If at this point you think I am painting a fantasy of a world that never existed, let me give you a vivid example. On the Titanic’s maiden voyage, its first-class cabins were filled with the Forbes 400 of the age. As the ship began to sink and it became clear there were not enough lifeboats for everyone, something striking took place. As Wyn Wade recounts, the men let the women and children board the boats. In first class, about 95 percent of the women and children were saved, compared with only about 30 percent of the men. While, of course, first-class passengers had easier access to the boats, the point remains that some of the world’s most powerful men followed an unwritten code of conduct, even though it meant certain death for them.

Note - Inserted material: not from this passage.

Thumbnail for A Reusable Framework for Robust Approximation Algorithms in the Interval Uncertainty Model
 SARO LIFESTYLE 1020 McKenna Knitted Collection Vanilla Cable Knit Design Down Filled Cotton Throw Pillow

Today’s elites are chosen in a much more open, democratic manner, largely through education. Those who do well on tests get into good colleges, then good graduate schools, then get the best jobs and so on. But their power flows from this treadmill of achievement, so they are constantly moving, looking out for their own survival and success. Their perspective is narrower, their horizon shorter-term, their actions more self-interested.
Most damagingly, they believe their status is legitimately earned. They lack some of the sense of the old WASP establishment that they were accidentally privileged from birth. So the old constraints have vanished. Today, chief executives and other elites pay themselves lavishly, jockey for personal advantage and focus on their own ascendancy.

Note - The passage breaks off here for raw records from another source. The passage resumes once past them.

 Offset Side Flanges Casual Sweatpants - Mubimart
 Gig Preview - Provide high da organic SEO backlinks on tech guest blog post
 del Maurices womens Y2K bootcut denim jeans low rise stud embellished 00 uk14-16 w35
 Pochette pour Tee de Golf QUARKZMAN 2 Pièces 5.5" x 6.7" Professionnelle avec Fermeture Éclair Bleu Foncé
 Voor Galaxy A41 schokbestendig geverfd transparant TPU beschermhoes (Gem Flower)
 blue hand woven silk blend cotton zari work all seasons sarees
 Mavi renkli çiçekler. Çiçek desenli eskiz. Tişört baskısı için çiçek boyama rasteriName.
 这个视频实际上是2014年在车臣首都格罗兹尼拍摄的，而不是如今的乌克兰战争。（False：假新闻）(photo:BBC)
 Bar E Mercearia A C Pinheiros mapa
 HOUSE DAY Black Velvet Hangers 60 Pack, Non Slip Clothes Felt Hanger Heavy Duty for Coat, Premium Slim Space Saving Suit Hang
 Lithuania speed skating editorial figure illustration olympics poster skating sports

The man who invented the term “meritocracy” did not mean it as a compliment. The British thinker Michael Young painted a dystopian picture of a society in which the new, technocratic elite, selected through exams, became increasingly smug, arrogant and ambitious, certain that modern inequality was a fair reflection of talent and hard work. Writing later about Tony Blair’s complimentary use of the term, Young warned that the prime minister was fostering a deeply immoral attitude toward those who were not being rewarded by the system, treating them as if they deserved their lower status.

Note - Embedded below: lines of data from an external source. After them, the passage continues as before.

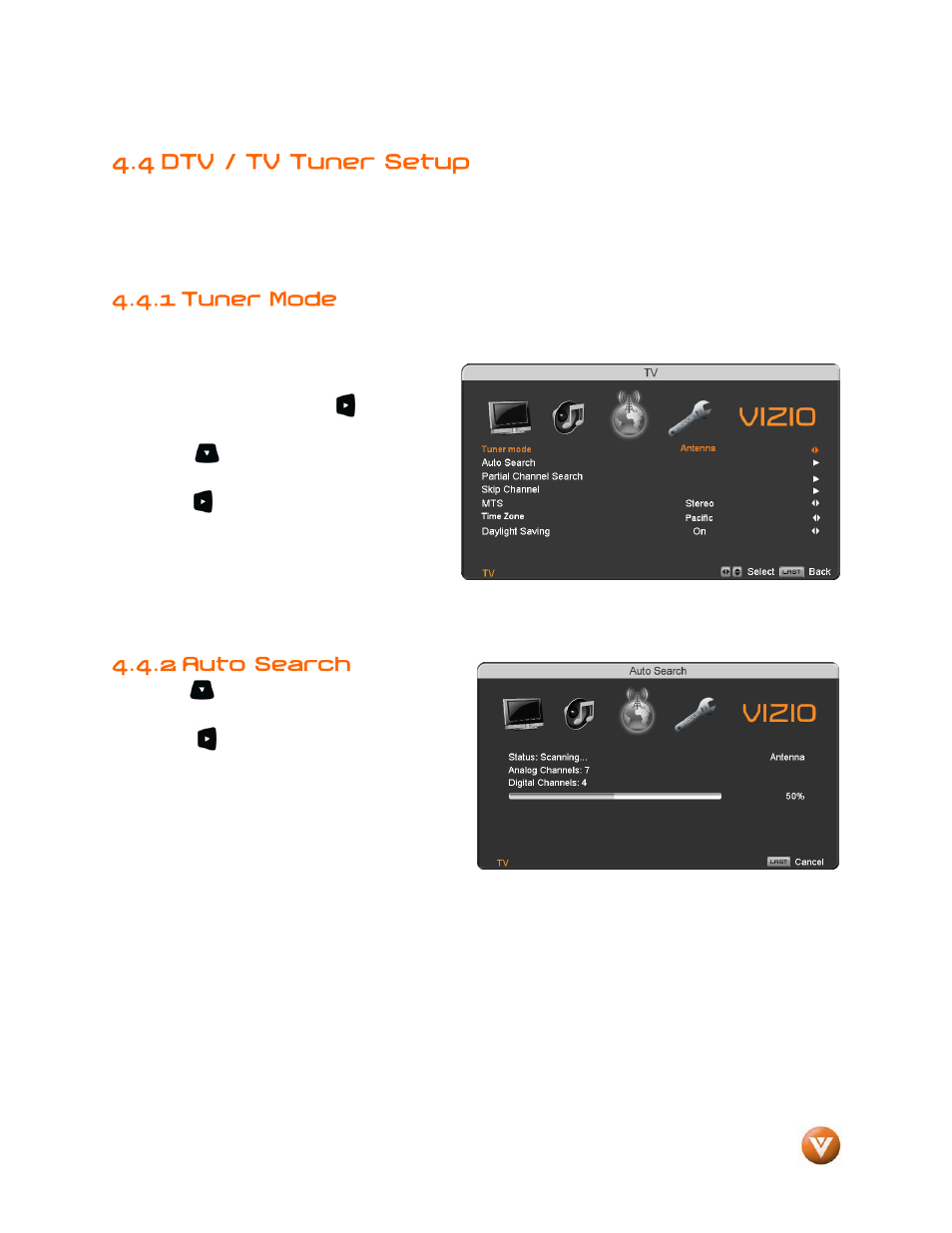 4 dtv / tv tuner setup, 1 tuner mode, Auto search | 2 auto search | Vizio VP504 FHDTV10A User Manual | Page 47 / 106
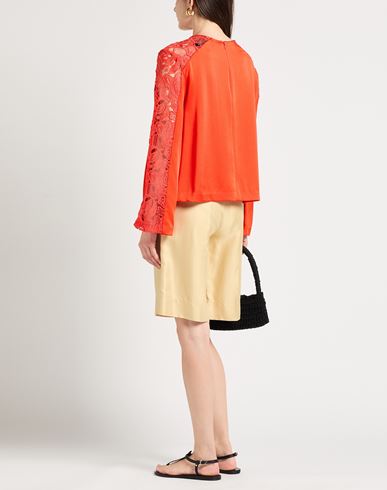 Woman Top Tomato red Size 4 Acetate, Viscose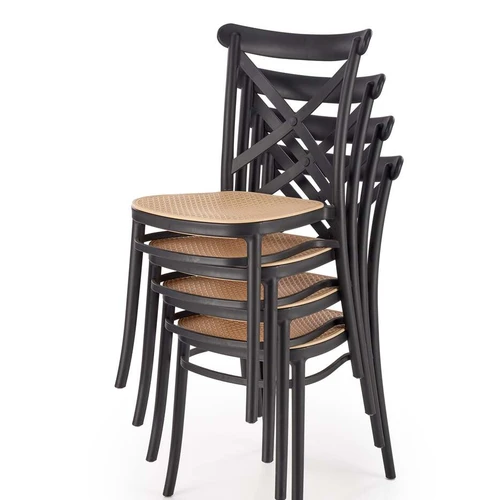 Juodos ir rudos spalvos kėdės su tvirtu pagrindu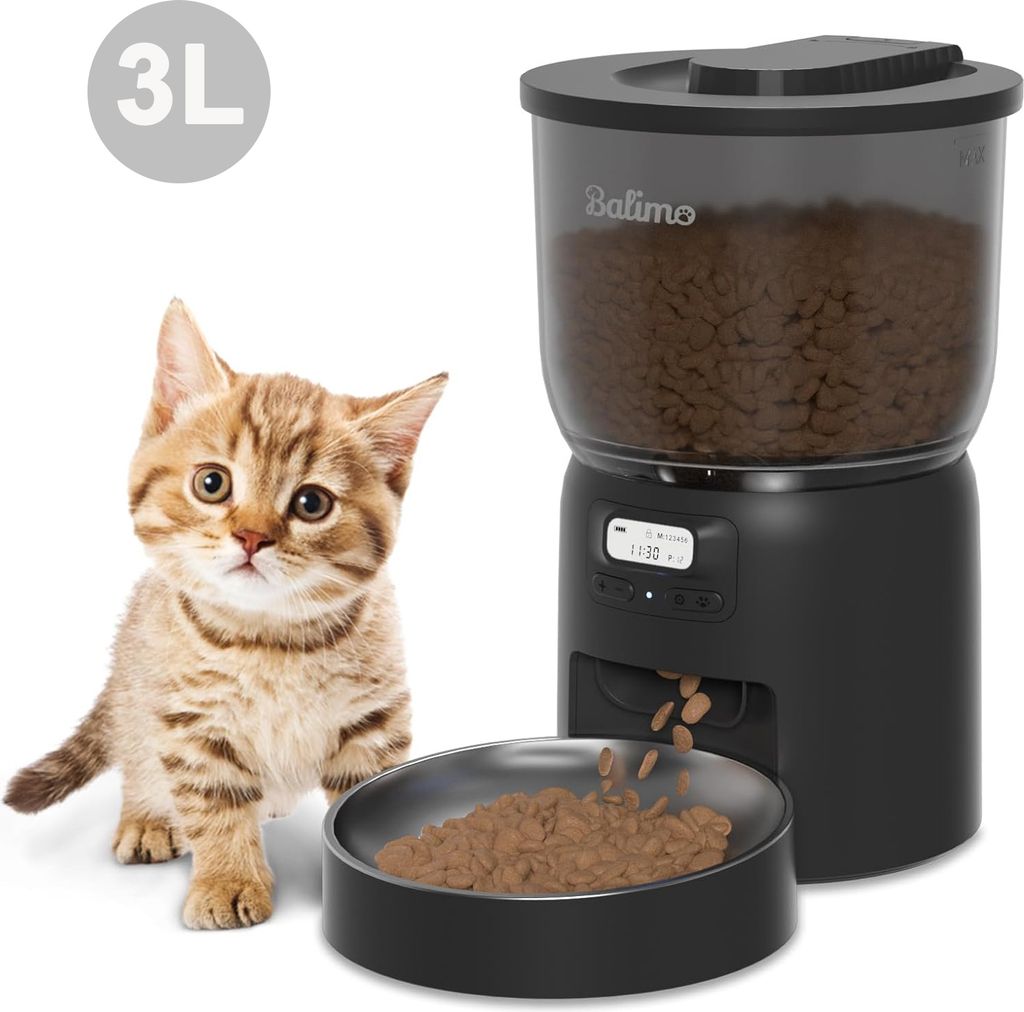 Balimo 3L Automatischer Futterautomat für Katze und Hund mit Programmierbar Timer/LCD/bis zu 6 Mahlzeiten am Tag, Schwarz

President Trump uses a common refrain at his rallies to attack today’s elites and their arrogance. He focuses on their schooling and then says to the crowd, “They’re not elite. You’re the elite.” Trump has found a genuine vein of disgust among many Americans at the way they are perceived and treated by their more successful countrymen. The violent protests that have been happening in France are similarly fueled by rural, poorer people who believe that the metropolitan elites ignore their plight. The 2016 Brexit vote reflected the same revolt against technocrats.
Let me be clear. I — of all people — am not calling for a revival of the WASP establishment. I am asking, can we learn something from its virtues? Today’s elites should be more aware of their privilege and at least live by one simple old-fashioned, universal idea — rich or poor, talented or not, educated or uneducated, every human being has equal moral worth.